#### Required work
Word for word, copy the lines beginning at the one with "in the background" and ending at the last line below; pictures stay out.

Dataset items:
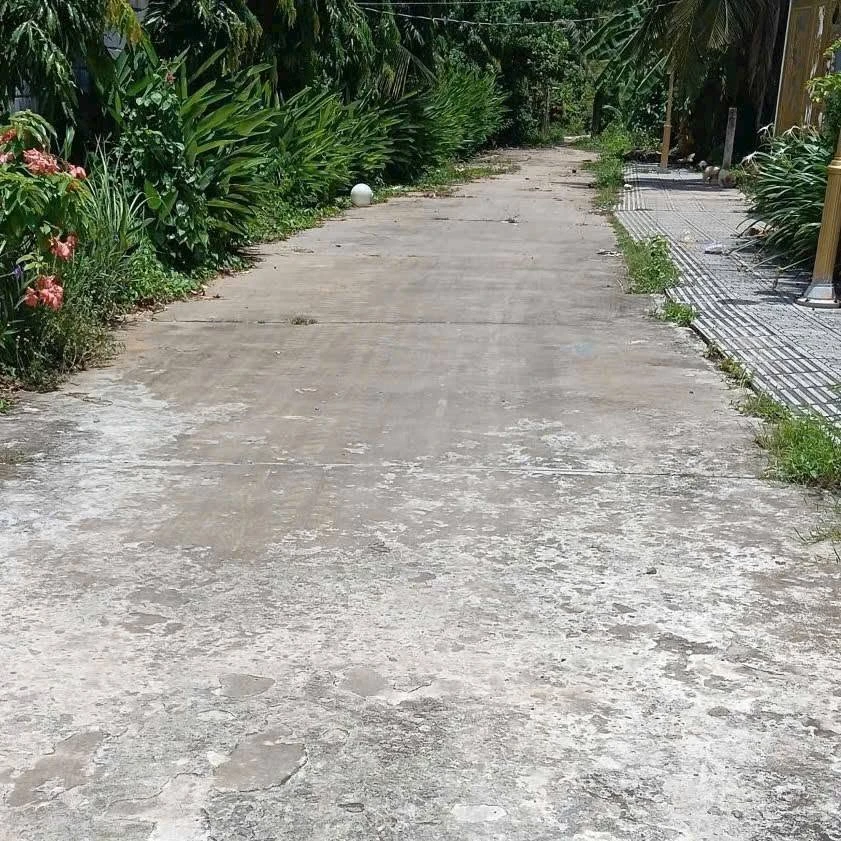Bán nền biệt thự 774 m² Phú An Hòa Bến Tre - Ảnh thu nhỏ 2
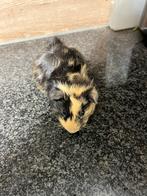 Tekoop: mooie borstel cavia, Dieren en Toebehoren, Knaagdieren, Cavia, Mannelijk, Tam, Oktober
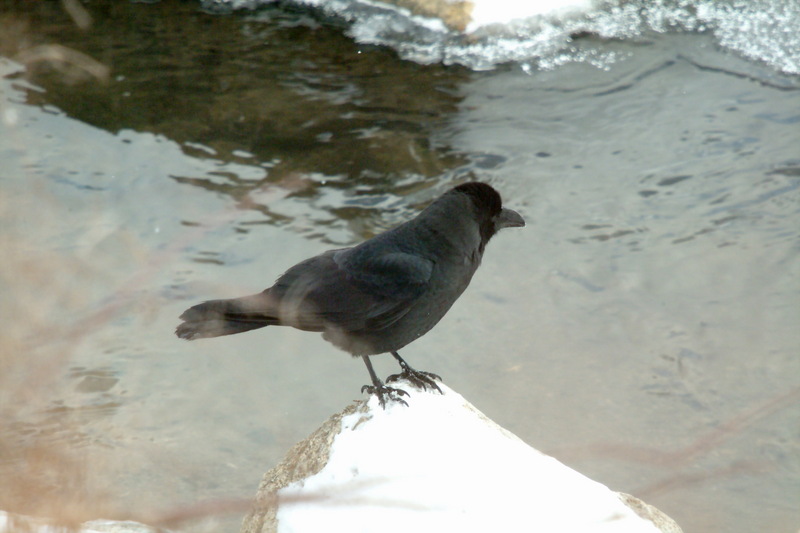 큰부리까마귀 Corvus macrorhynchos (Jungle Crow); DISPLAY FULL IMAGE.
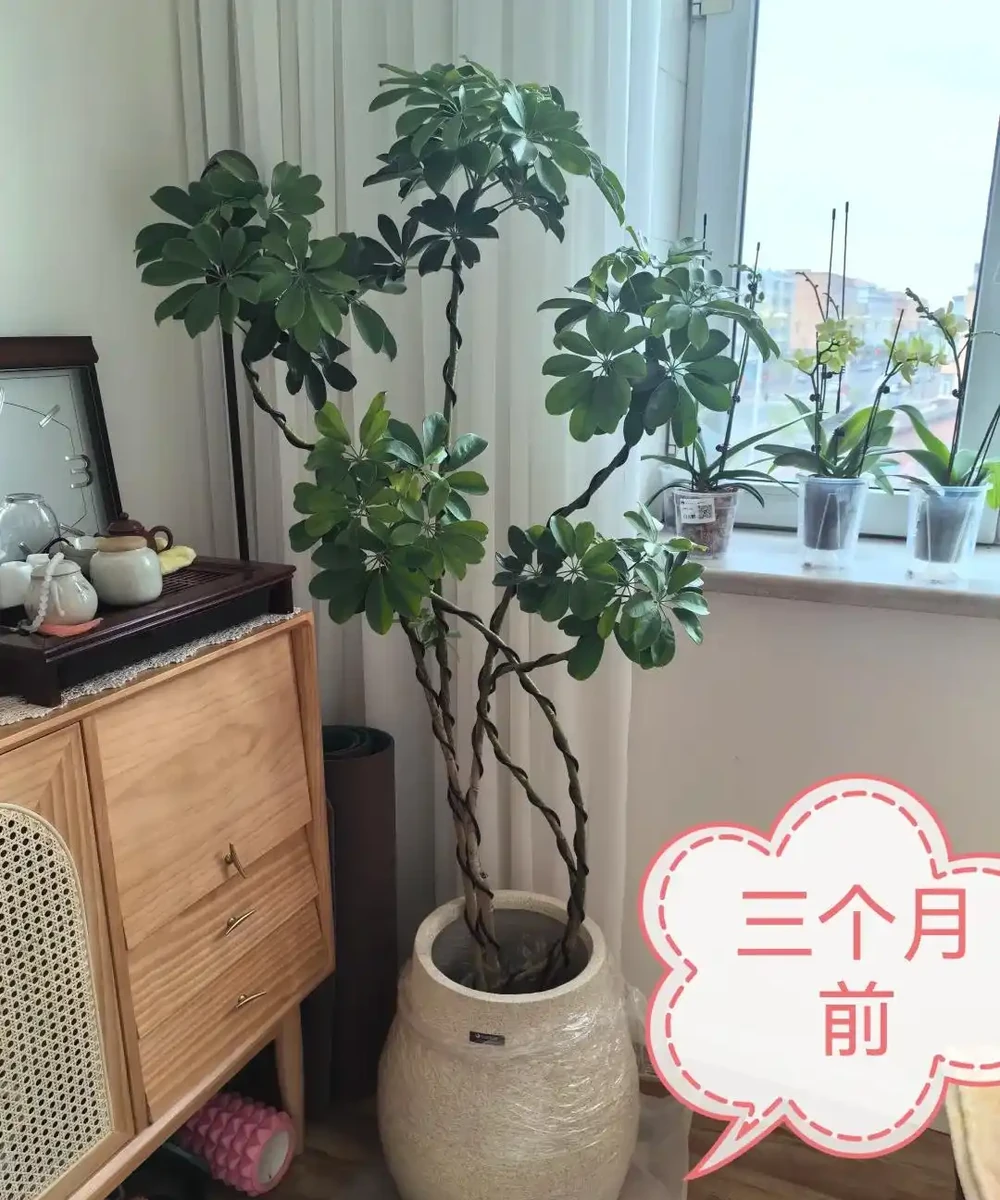 山東一小夥曬「老媽養的鴨腳木」,網友:天,太壯觀了,但不科學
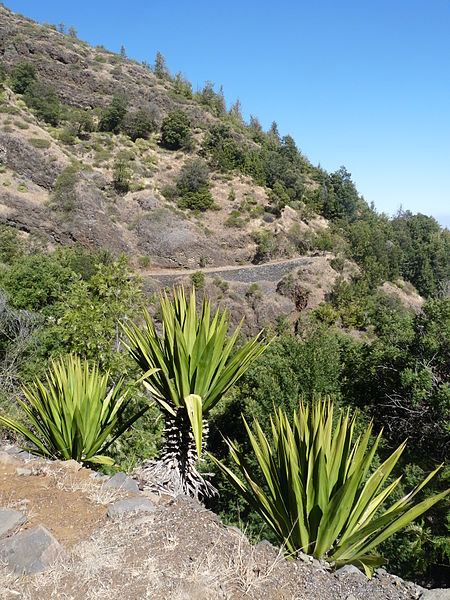 Monte Velha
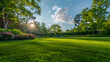 © john - a beautiful garden lawn with a large beautiful blue sky in the background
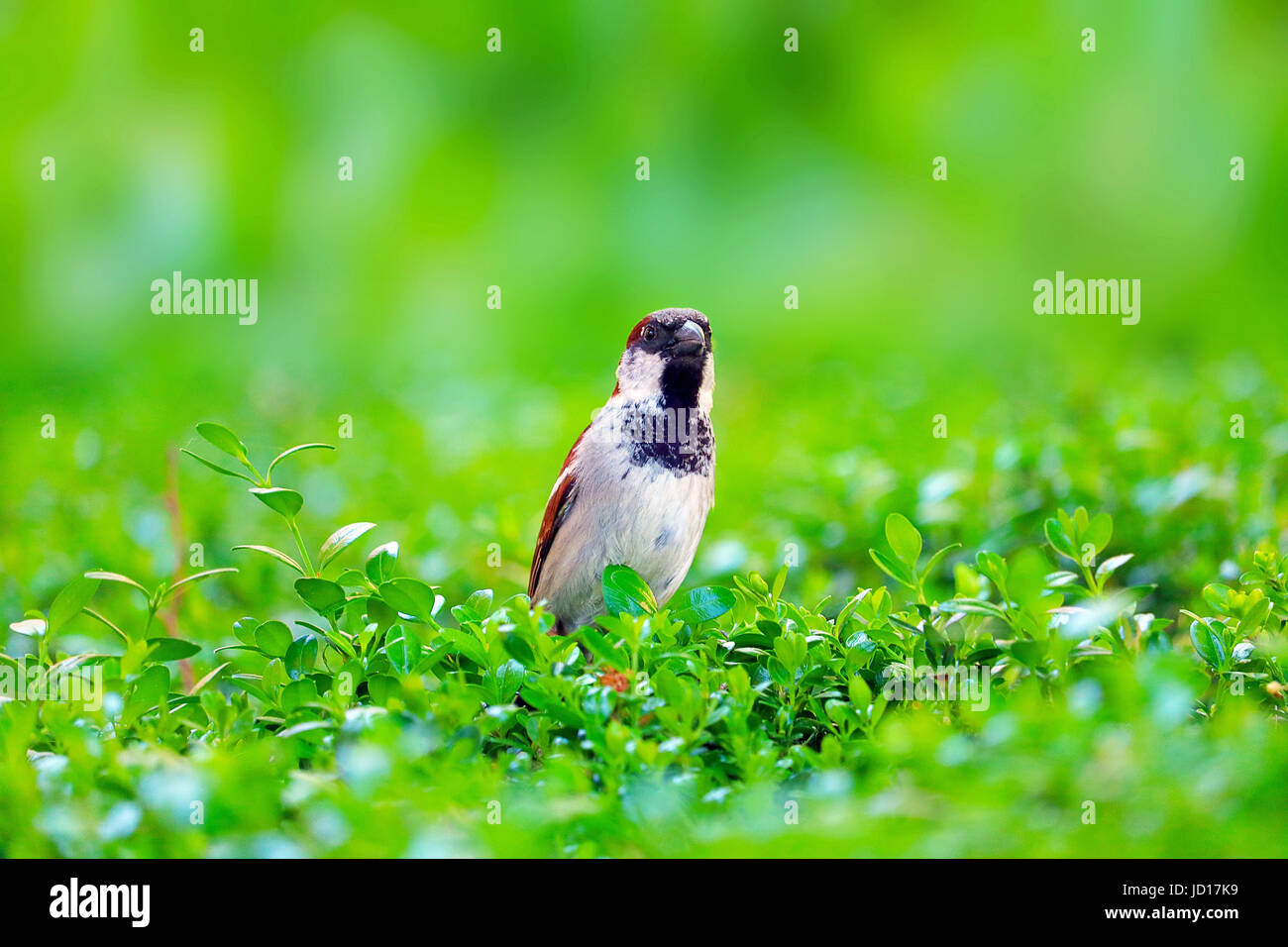 curious little male house sparrow sitting in the green in an urban park in berlin Stock Photo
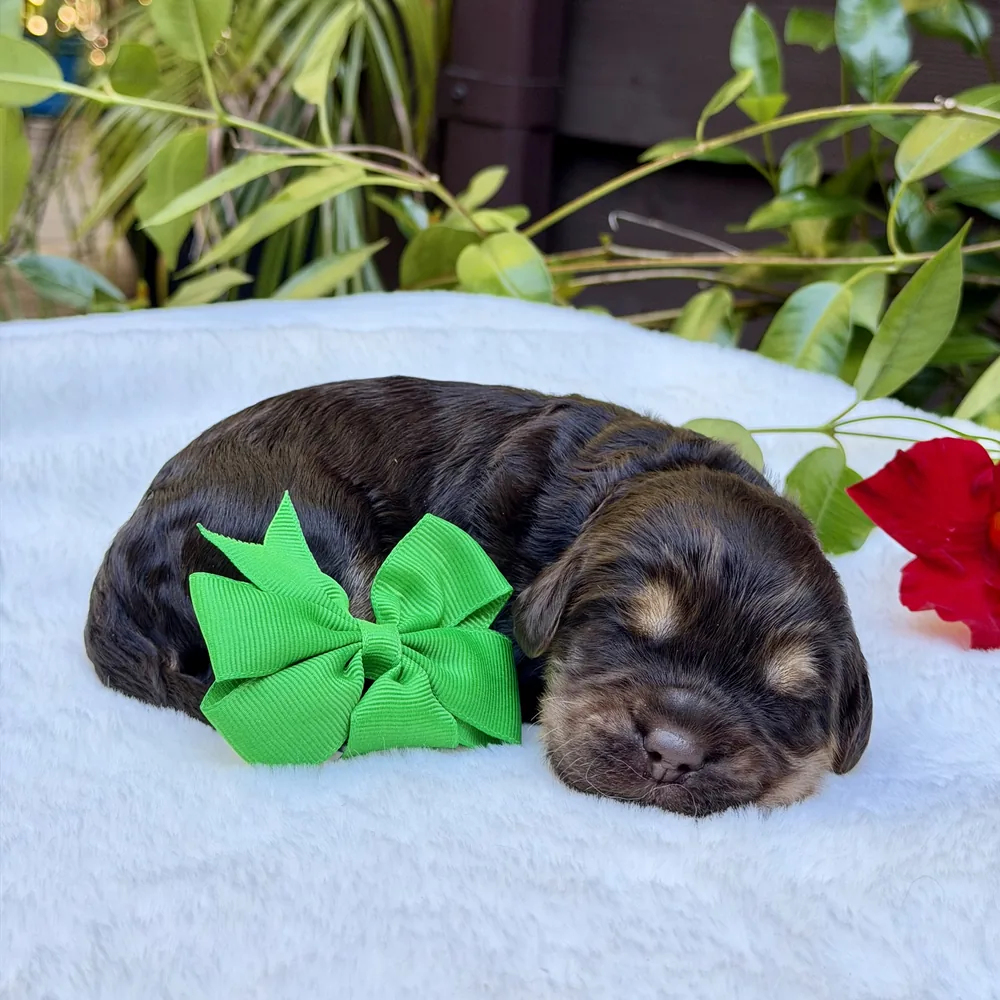 Green Collar — Male Chocolate phantom Australian Labradoodle puppy from the Heidi and Navy litter at Tillery Labradoodles, born October 14
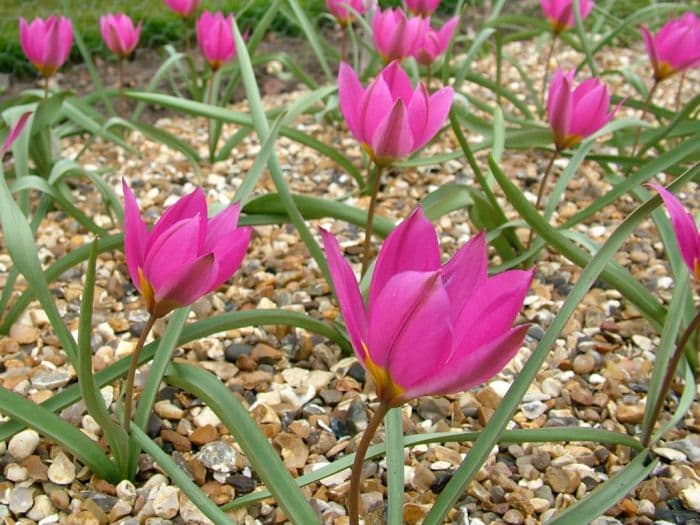 tulip 'Pink Charm'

#### Response for this exercise
 © john - a beautiful garden lawn with a large beautiful blue sky in the background
 curious little male house sparrow sitting in the green in an urban park in berlin Stock Photo
 Green Collar — Male Chocolate phantom Australian Labradoodle puppy from the Heidi and Navy litter at Tillery Labradoodles, born October 14
 tulip 'Pink Charm'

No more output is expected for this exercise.